この大きく見開いた眼、つり上がった眉毛、小鼻をふくらませた墓守の獣は怒りと殺意に満ちています。
顔が人で体が動物の人面獣身像(じんめんじゅうしんぞう)「三彩加藍人面鎮墓獣」は、獰猛な表情に加え、突き出た牙、大きな扇型の耳、燃えるような髪、そして額には三本の枝角(えだつの)を持っています。頭の形だけでもかなり驚かされます。
背中から突き出している長い装備は剣でしょうか?胸には唐草模様が陰刻されており、両肩には炎の形をした翼、背中にはジグザグの装飾があります。獣の形をした足は腹部の下に収め、しっぽは両手両足の間でとぐろを巻いています。お腹に力を入れて胸を張り、背筋を伸ばして座る姿はかなり独特です。台座にある緑の装飾は蛇または「つる植物」のようにも見え、全体的に硬い形状の中に柔らかな輪郭も見えます。
「鎮墓獣(ちんぼじゅう)」の頭部と背中の隆起部分、そして蹄には釉薬が掛けられていません。その他の箇所には黄色、茶色、緑色の釉薬が掛けられ、胸には当時非常に貴重だったコバルトブルーの釉薬が使われています。コバルトブルーの釉薬は「唐三彩」の中で最も高級な色とされています。
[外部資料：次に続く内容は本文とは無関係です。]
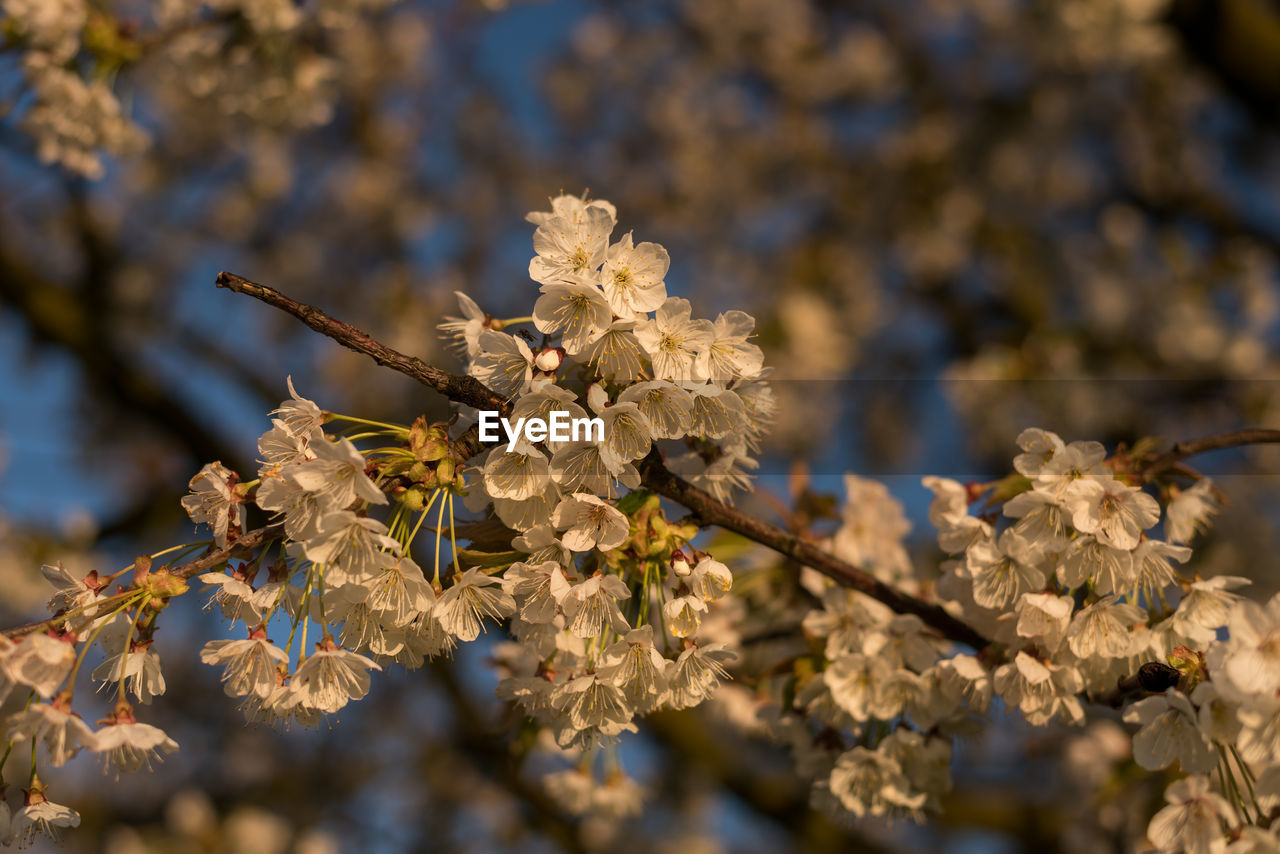 Close-up of cherry blossoms on branch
「鎮墓獣」は獣と人間の姿と心情が合体した力強い姿をしており、悪霊を払う「お墓を守る神」として用いられていました。
この作品は形状の完全性、大きなサイズ、精緻さを兼ね備えており、非常に珍しい物で、「唐三彩」の最高傑作と称されており、重要文化財に指定されています。